Professor Anirudh Krishna joined academics and students at the London School of Economics in a workshop organised by LSE South Asia Centre. The workshop, examining key themes of Krishna’s latest book Broken Ladder: The Paradox and Potential of India’s One Billion, provided a platform to exchange ideas on potential solutions and strategies to address the mass poverty experienced by millions across India, Rebecca Bowers reports.  

Drawing on national data, Broken Ladder features accounts of individuals and grassroots research from 200 villages and 100 urban slums. It questions why, despite considerable economic growth, upward mobility remains elusive for so many. Krishna proposes possible policy suggestions – with the caveat that there should be no overarching policy approach due to the complexity of individual experiences and heterogeneity across states. Krishna concludes any meaningful development projects must be informed by a ‘worm’s eye view’ from the ground up.
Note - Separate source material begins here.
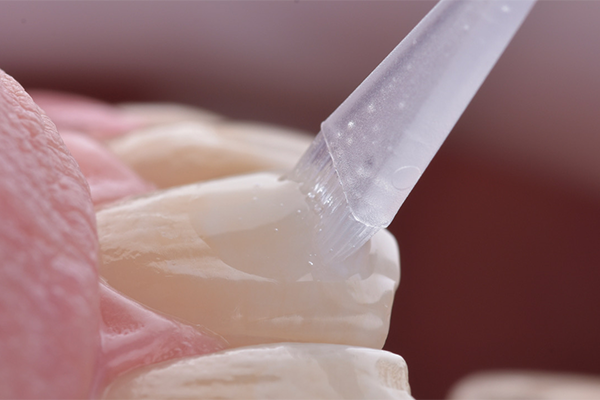 5A, 5B e 5C | Aplicação do gel clareador Whiteness HP AutoMixx 6%.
Discussing inequality in India

Despite India’s economic growth, Krishna says that for the poorest, little has changed: ‘you see people earning their livelihoods in the same manner as they used to earn them a generation or two generations ago’. To illustrate this, Krishna draws on data highlighting the inequality of India in comparison to rest of the world, ‘You have at the same time as people in the millions who are poorest as the poor in Sub Saharan Africa… people who are as rich than the richest in the US and the West’.
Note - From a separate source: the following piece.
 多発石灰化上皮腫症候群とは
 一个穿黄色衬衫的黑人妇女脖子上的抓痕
Krishna discusses the dollar versus rupee economy, whereby certain items such as a Starbucks coffee, cost the same as they would in the West, and can thus only be purchased by an elite few earning a higher income, next to those who buy their coffee from the roadside for 10 rupees. This, Krishna claims creates complications for public policy – to balance the demands of the poor who want flush toilets and housing with the demands of the rich and the super-rich who want super highways.

There are multi-stranded explanations for the high levels of inequality in India. One of these is the rural/urban divide. Surveys have illustrated household possessions and income noticeably decrease in smaller towns and villages and this only grows as distance increases. One of the reasons for this is the growing crisis in agriculture – around 75% of landholdings today are of an uneconomic size for livelihood yet alone to feed a family. This contributes to the growing trend of labour migration, between 100 – 175 million people are estimated to be what Jan Breman has referred to as ‘nowhere people’.

Education in rural areas is also an issue. For those educated in village schools, chances of receiving a high paying job are low – with many becoming construction workers in the millions, Krishna claims. Only 2-9% from rural areas are in engineering colleges, and only 6% of students in business schools have less educated parents, which highlights the continuation of unbroken cycles of inequality. Furthermore, Krishna acknowledges the role of gender discrimination, noting the feminisation of agriculture and observing that for rural, less educated women, prospects are substantially lower.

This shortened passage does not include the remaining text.